A new sculpture depicting Macdonald as a young, teenage lawyer has been unveiled in Picton, Ontario.
Daryl Kramp, Member of Parliament for Prince Edward-Hastings, took part in the unveiling of a bronze statue of Macdonald that depicts him at the beginning of his career.
Macdonald called the Quinte region his home for 11 years, living in Hay Bay, Napanee, Glenora and Picton before moving finally to Kingston in 1835. John A.’s family and cousins lived in the region. He travelled constantly but his family home was a small clapboard house on Hay Bay near Adolphustown followed some years later in the Miller’s House at the Stone Mills of Glenora, where his father was a miller and magistrate.
“I am very pleased to see this project initiated by the community where Sir John A. Macdonald spent an early part of his career honing his skills as a lawyer,” says Kramp. “I applaud the objective of the Macdonald Project, which is to shine a light on the early life of a man who, through hard work, determination and genuine affection for people, rose to become Canada’s first prime minister.”
Historians believe Macdonald probably stayed with his cousins, the Macphersons, in Picton during the two years he lived here. But he spent a great deal of time with his family Hugh, Helen, Margaret and Louisa at Glenora, below Lake on the Mountain. He said later that these were the happiest days of his life.
According to David Warrick, the chair of the steering committee of the Macdonald Project of Prince Edward County, the young Macdonald was already displaying leadership qualities and civic mindedness, even in his teenage years. Macdonald volunteered as secretary of the first public school board, organized a young men’s debating society, volunteered as a polling clerk for the election of the 12th legislature of Upper Canada in the Picton Courthouse in 1834, and he signed a petition to rename Hallowell (which later became Picton.)

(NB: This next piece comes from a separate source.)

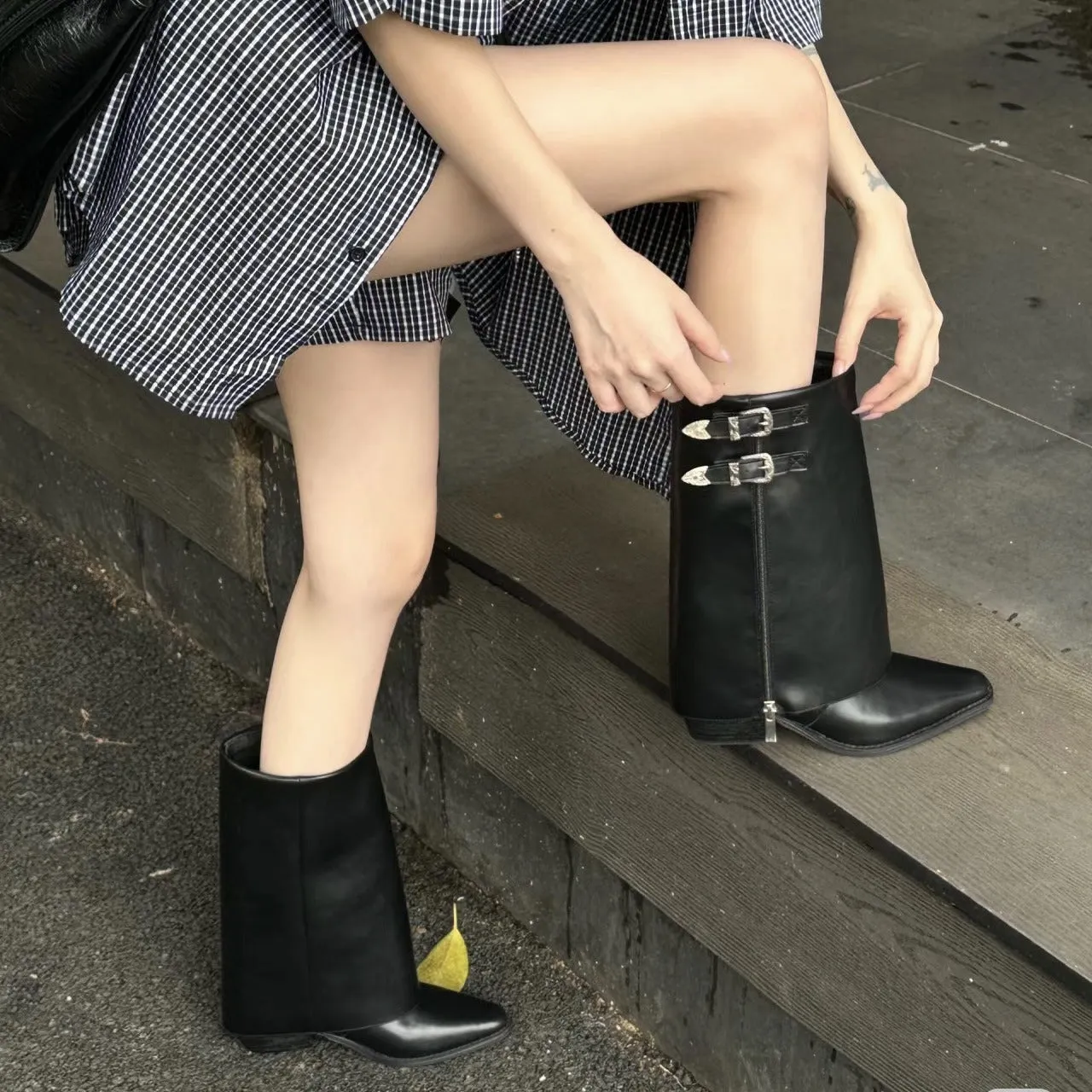 Women's rough and versatile cowboy boots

The sculpture, created by Ruth Abernethy, captures a moment in time when Macdonald appeared in court for the first time before a judge and jury in Picton, Upper Canada in 1834. He won the trial and four months later became an attorney while still living in Picton.
Warrick notes the sculpture “will remind Canadians that the nation’s first prime minister began his career in law and public administration in Picton.”
“He rose from humble beginnings as the son of an immigrant shopkeeper and miller in the Quinte region to become the principal architect of Canada,” Warrick says.
- Sir John A. Macdonald lived in the Bay of Quinte region and Prince Edward County for about 11 years and began his law practice there.
- The sculpture is located in Picton’s historic downtown. It depicts Sir John A. Macdonald as he would have appeared presenting and winning his first court case before a judge and jury in the Picton Courthouse on Oct. 8, 1834.
- The Macdonald Project will develop educational materials to accompany the statue. Walking tours will also be planned, and new media will be used to promote the project.